ノルマンディ時代、母がよく、いろいろなものを郵便小包で送ってくれました。そこには和菓子も入っており、日本人の心の友たちとのお茶会で楽しんだものです。時々、上質の小豆も送ってくれたので、とても有難かったです。ノルマンディのBIOの店で"Azuki"と袋に書かれたものを買うことができたのですが、どうしても芯が残ってやわらかく煮えず、味も違う気がしました。
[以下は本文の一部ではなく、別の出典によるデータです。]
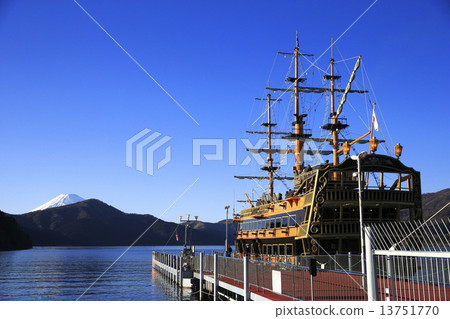 Mt. Fuji seen from Lake Ashi and a pirate ship 13751770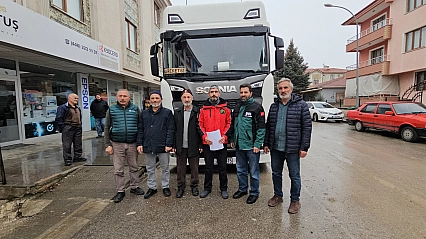 Filistin ve Suriye'ye yardım tırı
小豆をことことと煮て、そのままお汁粉で食べることが多かったのですが、気が向くと、自己流で和菓子もどきを作って楽しんでいました。今見ると笑ってしまうようなものばかりですが、恥を忍んでいくつかご紹介したいと思います。

「ドラ焼きを夢見る小豆サンド」
本当はドラ焼きになるはずだったのですが、うまく行きませんでした。迷惑を顧みず、心の友たちにも食べてもらいました。家庭平和を願うフィリップは、美味しいと言って残さず食べましたよ。

 
「自己主張の欠ける栗菓子」
やけどしながら漉し餡を作りました。小豆がふつふつとはね、台所が物凄いことになりました。手間隙がかかったわりに、主張がなく、いまひとつぱっとしない代物でした。

 


「もっさりとした栗蒸羊羹」
これもまた、かなり時間がかかりました。レシピは一応見るのですが、自分の都合の良いように、勝手に変えてしまうので、こういう結果になります。毎回反省するのですが、適当な性格はなかなか直りません。


「堪忍小豆」
杏仁豆腐を作り、その上に煮た小豆をのせただけです。こういうシンプルなものの方が、いくらかマシで、許してもらえそうです。


「賞味期限切れですか」
形を整えた漉し餡に抹茶をまぶしてみました。出来立ては結構綺麗だったのですが、心の友のところに着く頃には抹茶が餡に染みこんで、不気味な色になっていました。まるでカビが生えたように見えました。ちょうど居合わせた、和菓子は初めてというフランス人にも食べさせてしまいました。礼儀正しく、美味しいと言ってくれましたが、もう和菓子は懲り懲りなどという事になっていないことを願うばかりです。


「迷惑な抹茶サンド」
あずきと果物を抹茶のパンケーキで挟んでみました。味はまぁまぁでしたが、とても食べにくかったです。なにもこんな風に挟まなくても・・・という感じです。


まだまだありますが、切りがないのでこの辺でおしまいにします。美味しい和菓子をいつでも買える今となっては、変なものを作っていたものだと、我ながら呆れてしまいます。でも、手に入らない状況であったからこそ、自分でいろいろと工夫して作る楽しみを知ることができた気がしています。煮えた小豆に注ぎ込む黒砂糖のように、ちょっと甘やかな思い出です。